The conference opened with an overview of twentieth century arts
movements, by NCA national president, Kwame Brathwaite, with a PowerPoint
presentation “From the Harlem Renaissance to the New Melanian”, a
reference to the resurgence of the art of melanin rich (Black) people.
Much of the writings of the Harlem Renaissance started during the Garvey
years when Black pride was being proclaimed. Brathwaite, quoting from The
Other Side of Color, the classic book by Dr. David C. Driskell, it was
stated, “Alain Locke, who along with William E .B .DuBois was considered
to be leading literary figures of the renaissance, speaks of Aaron Douglas
perhaps the most recognized visual artist of the movement, as being, ‘the
father of black art in America.’ He notes that Douglas was among the first
to choose African iconography as a means of connecting his art to Africa
and the ancestral legacy.”
According to Brathwaite, “the Renaissance was followed by Theodore
Roosevelt’s Works Progress Administration (WPA) program that funded Black
artists allowing them to produce many great works while allowing workers
to maintain their sense of self-esteem. Many written and oral histories,
books, plays, posters, photographs architectural histories and fine works
of art were produced during this brief period in US history. Many works of
art took on political themes with subjects such as The Scottsboro case,
involving nine Black youths that were accused of raping two white girls.
Kwame continues with a look at the predecessors of the Black Arts Movement
of the mid-sixties. He began with the founding in 1956 of the Jazz-Art
Society, a group which he, his brother Elombe Brath, Robert Gumbs, Frank
Adu, Chris Asmandeces Hall, and others formed in the Bronx and their
coming into contact with Carlos A. Cooks and the African Nationalist
Pioneer Movement, an organization based on the philosophy and opinions of
Marcus Garvey. The Cooks-Garvey influences, along with the ANPM’s Miss
Natural Standard of Beauty Contest, inspired them to create a forum for
Black women to feel proud of their kinky hair, African features and
physiognomy. After the 1961 contest they formed the Grandassa Models and
began promoting the theme Black Is Beautiful. Along with their fashion,
African cultural shows, they continued to present art exhibitions and
formed them into the “Naturally” series of shows beginning with “Naturally
’62, that traveled the to Detroit, Chicago, Lincoln University (PA),
Cornell and Black communities on the east coast. The show and its theme
gave rise to the Black Arts Movement, the Black Consciousness Movement and
what is termed, the movement for Black Pride.

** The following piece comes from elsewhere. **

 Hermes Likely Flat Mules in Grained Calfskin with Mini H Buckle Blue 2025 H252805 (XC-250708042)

In 1959, NCA was founded, initiated by a group of Chicago artists and
educators led by Margaret Burroughs. They had been regular participants in
the annual exhibitions organized by Hale Woodruff. Sixty-one artists,
including Burroughs, James D. Parks, Eugenia V. Dunn, Jewel W. Simon,
Helen Coulborn, William V. Harper, Allan G. Junier, Virginia Kiah, Dr. R.E.

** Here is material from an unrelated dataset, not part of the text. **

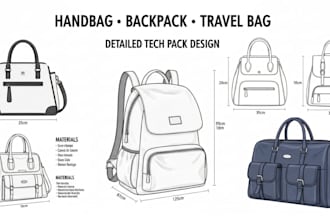 create professional bag tech pack for handbags, backpacks and fashion bags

Clement, Jack Jordan, Bernard Goss, Delbert Lovelady, Estelle Johnson and
Arthus Rose among others launched what has become the nation’s preeminent
Black artist-educators organization.
www.nationalconferenceofartists.com.
Brathwaite also covered the Twentieth Century Creators (1967) that later
became Weusi Nyumba Ya Sanaa (1968), with Ademola Olugebefola (who
presented on the next panel, Art As An Instrument for Social Change, and
Abdullah Aziz,(who followed Brathwaite on this panel) speaking for Weusi.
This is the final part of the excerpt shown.